──────── Material provided

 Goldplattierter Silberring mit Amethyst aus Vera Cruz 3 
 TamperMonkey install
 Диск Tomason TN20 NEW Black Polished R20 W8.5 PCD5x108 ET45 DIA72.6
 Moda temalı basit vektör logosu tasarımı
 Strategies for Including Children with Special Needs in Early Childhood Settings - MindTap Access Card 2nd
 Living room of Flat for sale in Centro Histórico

────────────────
──────── Material provided

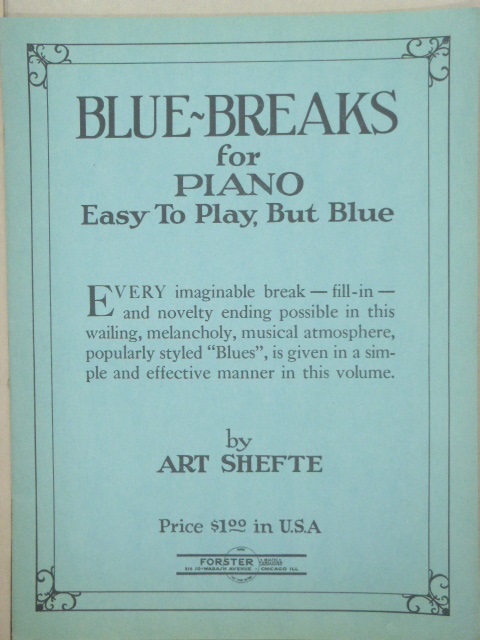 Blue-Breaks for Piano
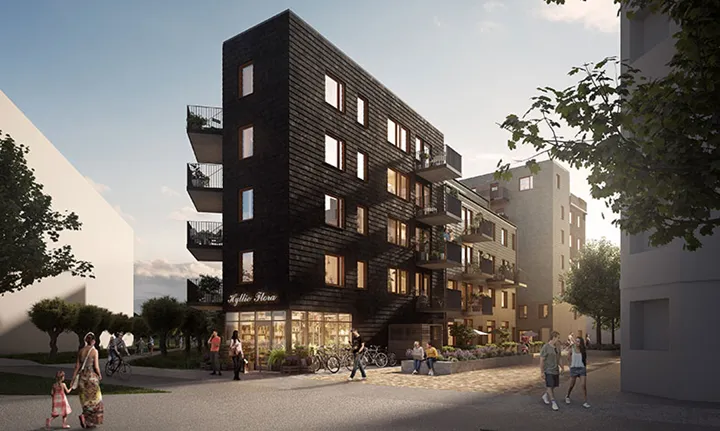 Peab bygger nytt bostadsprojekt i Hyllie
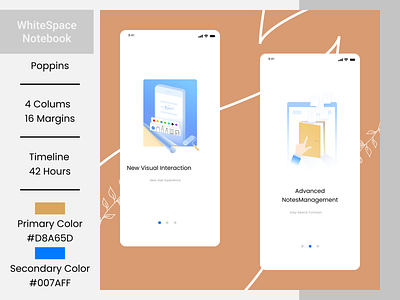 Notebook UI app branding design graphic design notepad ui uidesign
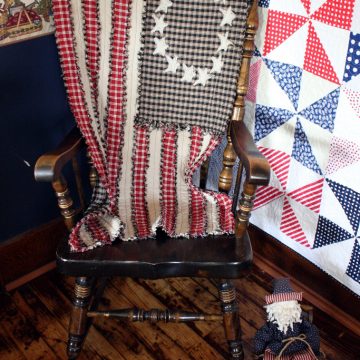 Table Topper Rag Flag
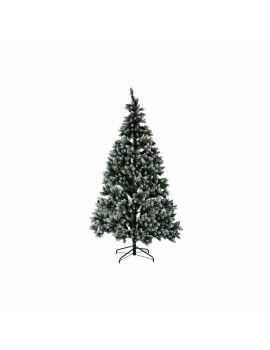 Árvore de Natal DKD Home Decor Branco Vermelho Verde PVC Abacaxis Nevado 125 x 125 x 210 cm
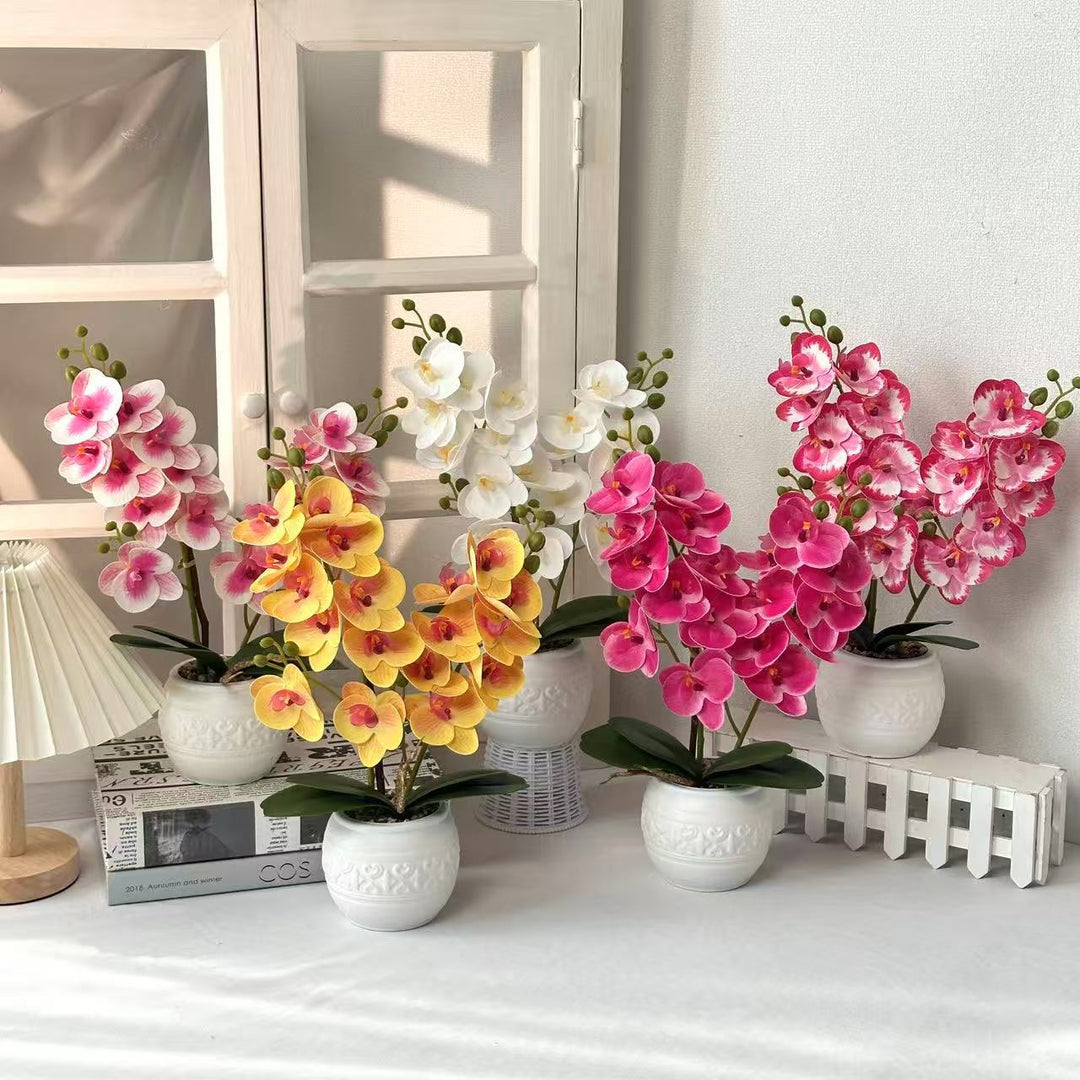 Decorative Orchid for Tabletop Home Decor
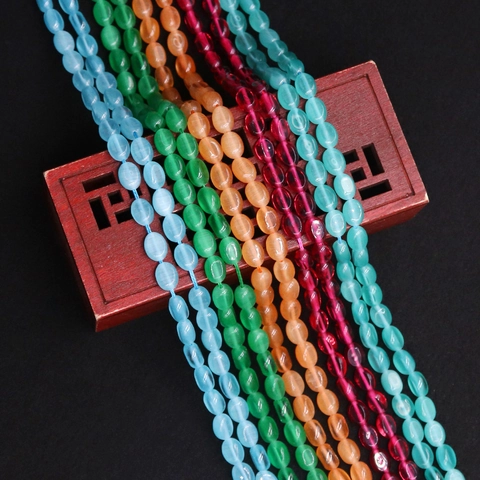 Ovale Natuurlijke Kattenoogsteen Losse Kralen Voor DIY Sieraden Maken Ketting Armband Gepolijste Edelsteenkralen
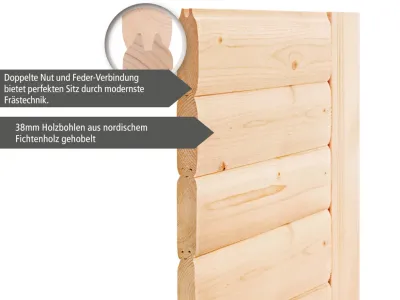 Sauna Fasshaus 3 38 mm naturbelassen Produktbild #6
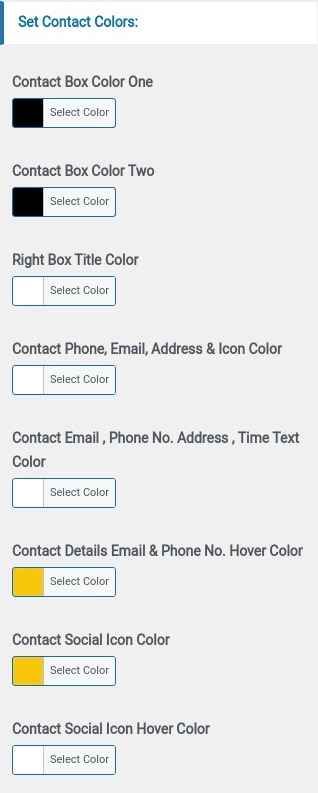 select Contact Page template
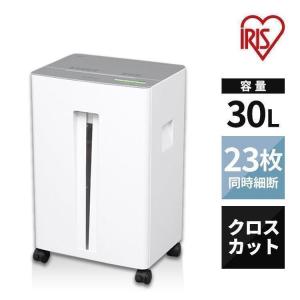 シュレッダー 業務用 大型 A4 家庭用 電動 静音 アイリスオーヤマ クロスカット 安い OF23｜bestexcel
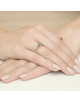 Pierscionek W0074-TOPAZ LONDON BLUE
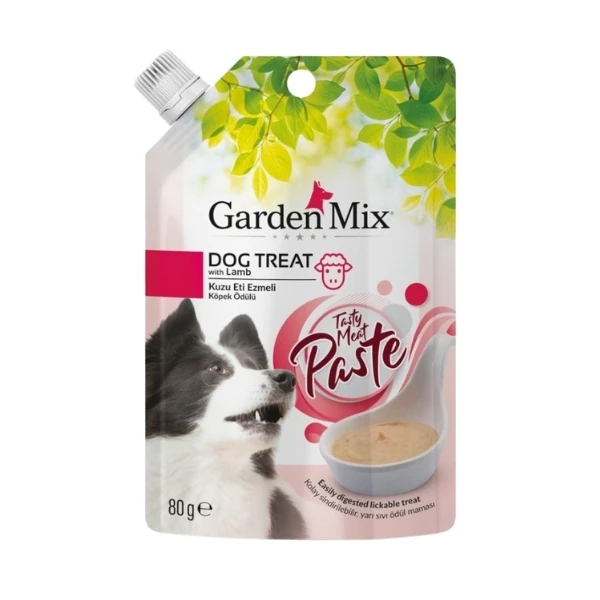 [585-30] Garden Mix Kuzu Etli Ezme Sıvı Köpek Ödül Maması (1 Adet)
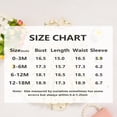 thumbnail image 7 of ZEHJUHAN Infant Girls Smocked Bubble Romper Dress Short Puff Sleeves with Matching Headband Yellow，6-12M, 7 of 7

────────────────

— Aim of the exercise —
Exact copy, pictures excluded: every line above from the one containing "シュレッダー 業務用 大型" to the one containing "thumbnail image 7", inclusive, and nothing more.

— Task response —
 シュレッダー 業務用 大型 A4 家庭用 電動 静音 アイリスオーヤマ クロスカット 安い OF23｜bestexcel
 Pierscionek W0074-TOPAZ LONDON BLUE
 [585-30] Garden Mix Kuzu Etli Ezme Sıvı Köpek Ödül Maması (1 Adet)
 thumbnail image 7 of ZEHJUHAN Infant Girls Smocked Bubble Romper Dress Short Puff Sleeves with Matching Headband Yellow，6-12M, 7 of 7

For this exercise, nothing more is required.